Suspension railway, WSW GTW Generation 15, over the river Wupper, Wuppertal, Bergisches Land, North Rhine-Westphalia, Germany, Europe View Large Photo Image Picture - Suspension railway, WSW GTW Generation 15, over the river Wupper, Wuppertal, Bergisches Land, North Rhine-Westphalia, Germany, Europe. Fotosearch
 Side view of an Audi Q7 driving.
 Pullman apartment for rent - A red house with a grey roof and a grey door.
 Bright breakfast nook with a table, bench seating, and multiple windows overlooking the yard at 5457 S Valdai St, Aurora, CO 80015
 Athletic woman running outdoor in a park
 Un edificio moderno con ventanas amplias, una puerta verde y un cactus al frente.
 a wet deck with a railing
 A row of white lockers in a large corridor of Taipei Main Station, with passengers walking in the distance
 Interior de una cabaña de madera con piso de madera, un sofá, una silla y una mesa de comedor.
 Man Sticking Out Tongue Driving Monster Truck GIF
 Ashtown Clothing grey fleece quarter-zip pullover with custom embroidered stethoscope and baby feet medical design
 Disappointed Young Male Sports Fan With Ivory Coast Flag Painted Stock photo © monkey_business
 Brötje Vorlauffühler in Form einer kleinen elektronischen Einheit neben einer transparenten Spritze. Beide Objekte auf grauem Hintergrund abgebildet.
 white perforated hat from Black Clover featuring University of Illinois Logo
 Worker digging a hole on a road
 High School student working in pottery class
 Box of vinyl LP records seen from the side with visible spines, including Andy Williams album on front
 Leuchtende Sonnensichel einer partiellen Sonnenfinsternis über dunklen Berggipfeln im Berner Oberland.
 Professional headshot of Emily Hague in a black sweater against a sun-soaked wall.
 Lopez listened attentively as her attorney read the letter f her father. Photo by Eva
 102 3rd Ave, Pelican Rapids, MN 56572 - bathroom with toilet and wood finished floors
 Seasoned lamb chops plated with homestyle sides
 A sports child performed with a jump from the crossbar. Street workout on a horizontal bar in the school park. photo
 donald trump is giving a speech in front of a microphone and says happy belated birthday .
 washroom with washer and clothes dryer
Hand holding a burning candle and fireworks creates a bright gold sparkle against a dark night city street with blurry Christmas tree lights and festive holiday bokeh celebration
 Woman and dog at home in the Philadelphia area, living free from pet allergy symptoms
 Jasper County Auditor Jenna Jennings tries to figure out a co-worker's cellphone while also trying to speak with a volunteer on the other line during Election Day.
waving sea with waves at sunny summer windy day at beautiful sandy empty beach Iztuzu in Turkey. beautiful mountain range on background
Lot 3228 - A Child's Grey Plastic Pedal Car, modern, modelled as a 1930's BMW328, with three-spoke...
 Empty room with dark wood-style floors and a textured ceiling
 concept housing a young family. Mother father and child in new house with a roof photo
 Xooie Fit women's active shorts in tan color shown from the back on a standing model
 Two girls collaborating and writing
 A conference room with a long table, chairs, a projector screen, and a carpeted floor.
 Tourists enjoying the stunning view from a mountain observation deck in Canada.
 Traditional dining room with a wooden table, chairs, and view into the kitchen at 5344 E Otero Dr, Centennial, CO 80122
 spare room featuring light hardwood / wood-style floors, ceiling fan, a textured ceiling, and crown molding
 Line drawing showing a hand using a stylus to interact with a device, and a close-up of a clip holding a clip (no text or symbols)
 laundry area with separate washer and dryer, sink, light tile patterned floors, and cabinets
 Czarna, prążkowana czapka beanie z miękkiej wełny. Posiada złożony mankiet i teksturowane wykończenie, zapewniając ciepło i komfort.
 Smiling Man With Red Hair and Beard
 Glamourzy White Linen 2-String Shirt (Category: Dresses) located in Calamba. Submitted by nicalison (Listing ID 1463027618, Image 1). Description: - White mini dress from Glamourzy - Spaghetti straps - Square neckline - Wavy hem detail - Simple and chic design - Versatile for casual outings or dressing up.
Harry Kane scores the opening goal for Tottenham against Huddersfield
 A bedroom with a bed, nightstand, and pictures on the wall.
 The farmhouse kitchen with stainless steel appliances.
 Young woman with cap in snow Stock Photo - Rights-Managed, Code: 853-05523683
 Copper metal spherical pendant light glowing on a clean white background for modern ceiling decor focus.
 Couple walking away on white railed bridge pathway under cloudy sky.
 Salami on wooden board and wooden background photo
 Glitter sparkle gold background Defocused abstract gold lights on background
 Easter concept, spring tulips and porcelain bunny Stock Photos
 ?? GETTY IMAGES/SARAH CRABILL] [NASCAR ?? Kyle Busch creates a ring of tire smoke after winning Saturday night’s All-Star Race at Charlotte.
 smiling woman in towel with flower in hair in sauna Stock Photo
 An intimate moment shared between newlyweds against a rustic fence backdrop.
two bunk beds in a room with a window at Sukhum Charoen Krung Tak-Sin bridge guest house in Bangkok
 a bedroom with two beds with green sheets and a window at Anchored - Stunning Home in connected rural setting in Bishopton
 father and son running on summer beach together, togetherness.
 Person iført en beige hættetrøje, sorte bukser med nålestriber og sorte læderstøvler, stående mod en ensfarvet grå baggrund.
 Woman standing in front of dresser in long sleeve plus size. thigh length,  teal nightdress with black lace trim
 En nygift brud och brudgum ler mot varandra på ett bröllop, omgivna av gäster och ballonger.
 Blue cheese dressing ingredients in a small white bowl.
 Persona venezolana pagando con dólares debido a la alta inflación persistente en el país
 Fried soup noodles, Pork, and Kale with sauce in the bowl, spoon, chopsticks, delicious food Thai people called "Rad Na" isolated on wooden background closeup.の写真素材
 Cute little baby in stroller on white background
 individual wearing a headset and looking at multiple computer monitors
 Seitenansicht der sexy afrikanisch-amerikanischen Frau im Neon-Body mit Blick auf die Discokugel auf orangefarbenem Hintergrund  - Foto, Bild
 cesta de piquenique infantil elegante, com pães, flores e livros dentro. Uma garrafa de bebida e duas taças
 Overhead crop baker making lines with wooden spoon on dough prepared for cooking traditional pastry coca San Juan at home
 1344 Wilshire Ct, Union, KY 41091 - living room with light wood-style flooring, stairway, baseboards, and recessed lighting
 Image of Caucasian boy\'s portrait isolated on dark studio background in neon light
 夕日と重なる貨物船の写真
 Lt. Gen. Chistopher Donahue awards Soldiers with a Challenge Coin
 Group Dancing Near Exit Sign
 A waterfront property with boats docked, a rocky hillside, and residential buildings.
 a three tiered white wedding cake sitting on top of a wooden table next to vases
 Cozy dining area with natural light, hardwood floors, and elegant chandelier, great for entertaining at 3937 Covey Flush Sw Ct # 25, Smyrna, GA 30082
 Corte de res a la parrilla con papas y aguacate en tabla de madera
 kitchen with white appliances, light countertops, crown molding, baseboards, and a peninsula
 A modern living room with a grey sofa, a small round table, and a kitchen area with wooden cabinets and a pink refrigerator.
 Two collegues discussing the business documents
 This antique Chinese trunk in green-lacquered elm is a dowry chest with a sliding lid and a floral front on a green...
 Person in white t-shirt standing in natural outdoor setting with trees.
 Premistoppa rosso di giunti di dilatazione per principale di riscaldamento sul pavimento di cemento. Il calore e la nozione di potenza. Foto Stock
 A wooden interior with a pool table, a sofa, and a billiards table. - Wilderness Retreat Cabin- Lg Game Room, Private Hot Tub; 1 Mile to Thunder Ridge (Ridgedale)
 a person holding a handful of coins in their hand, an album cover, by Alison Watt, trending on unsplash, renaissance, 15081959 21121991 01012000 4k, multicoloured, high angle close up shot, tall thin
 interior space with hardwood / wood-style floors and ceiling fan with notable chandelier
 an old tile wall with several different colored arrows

☆ ☆ ☆ ☆ ☆ ☆ ☆

Exercise directions
Extract every line from the one with "a person holding" down to the final line above, both included, exactly as written.

Completed exercise
 a person holding a handful of coins in their hand, an album cover, by Alison Watt, trending on unsplash, renaissance, 15081959 21121991 01012000 4k, multicoloured, high angle close up shot, tall thin
 interior space with hardwood / wood-style floors and ceiling fan with notable chandelier
 an old tile wall with several different colored arrows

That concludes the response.